> [EXERCISE INPUT]:

+-------+

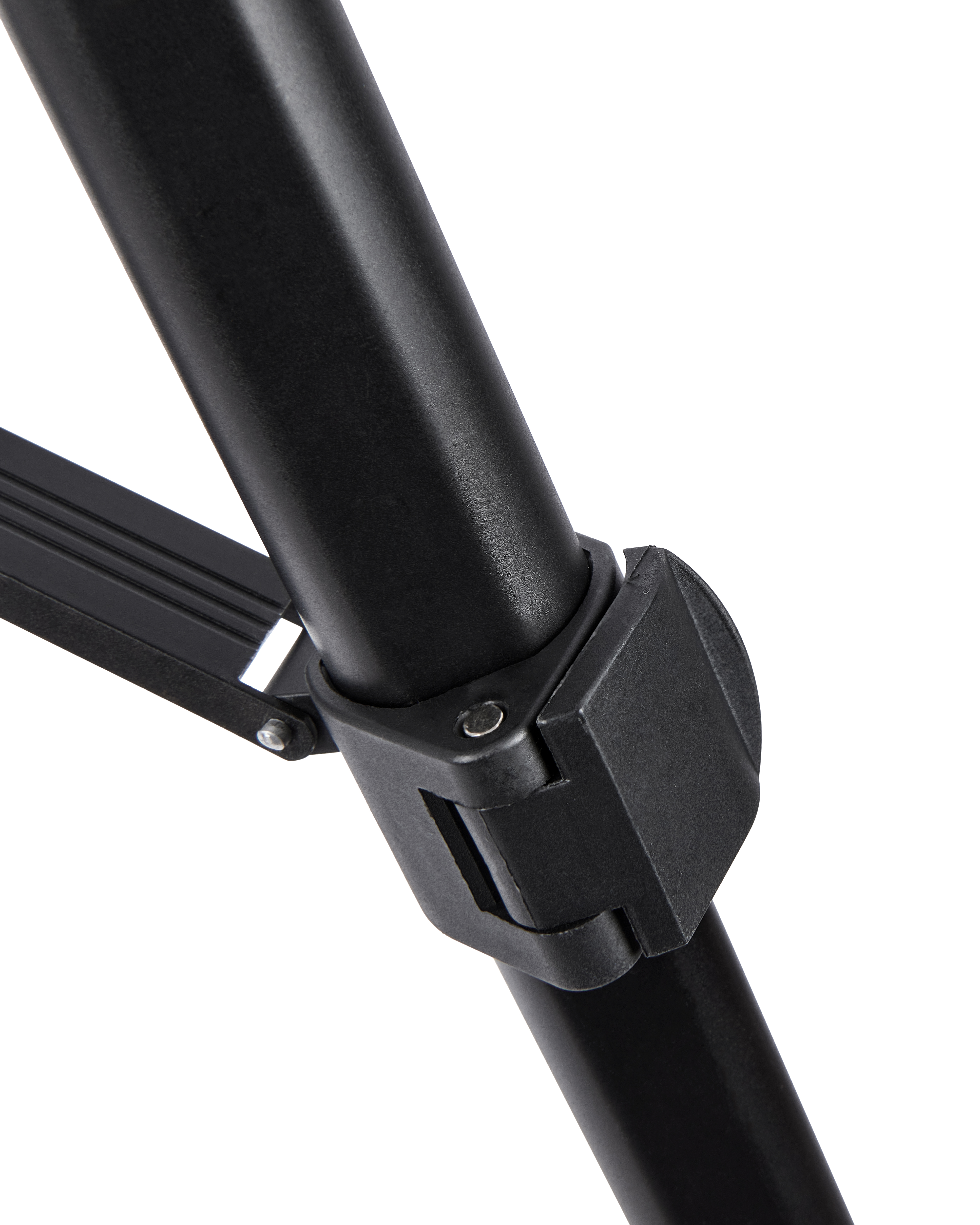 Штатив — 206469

+-------+

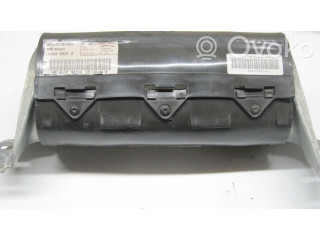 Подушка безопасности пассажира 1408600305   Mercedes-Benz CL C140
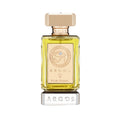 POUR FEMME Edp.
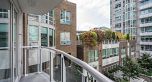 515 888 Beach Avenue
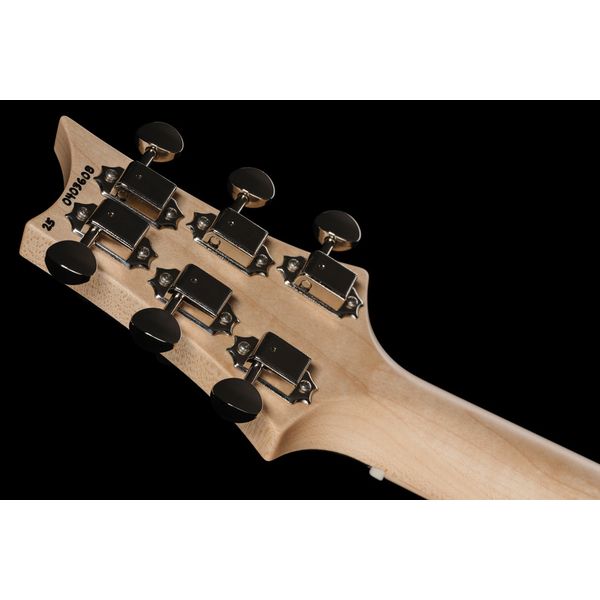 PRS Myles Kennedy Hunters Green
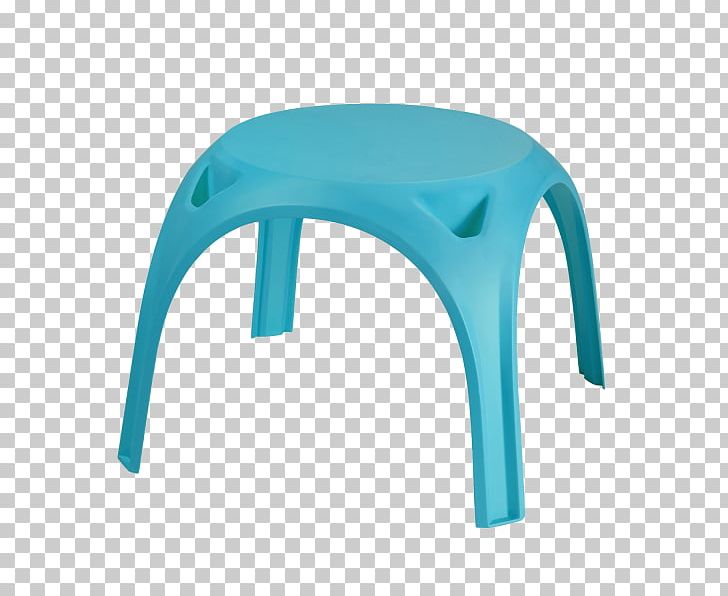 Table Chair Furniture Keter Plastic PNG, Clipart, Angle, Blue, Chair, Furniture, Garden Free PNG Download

+-------+

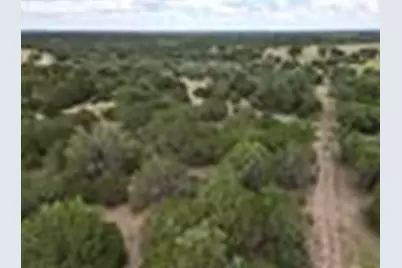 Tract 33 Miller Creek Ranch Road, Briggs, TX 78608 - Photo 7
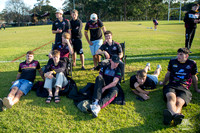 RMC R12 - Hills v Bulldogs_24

+-------+

> [PROBLEM TO SOLVE]: Using the records above, print exactly the run of lines that starts with the line with "Подушка безопасности пассажира" and goes on through the line with "Table Chair Furniture", pictures excluded.

> [RESULT OF THE EXERCISE]:
 Подушка безопасности пассажира 1408600305   Mercedes-Benz CL C140
 POUR FEMME Edp.
 515 888 Beach Avenue
 PRS Myles Kennedy Hunters Green
 Table Chair Furniture Keter Plastic PNG, Clipart, Angle, Blue, Chair, Furniture, Garden Free PNG Download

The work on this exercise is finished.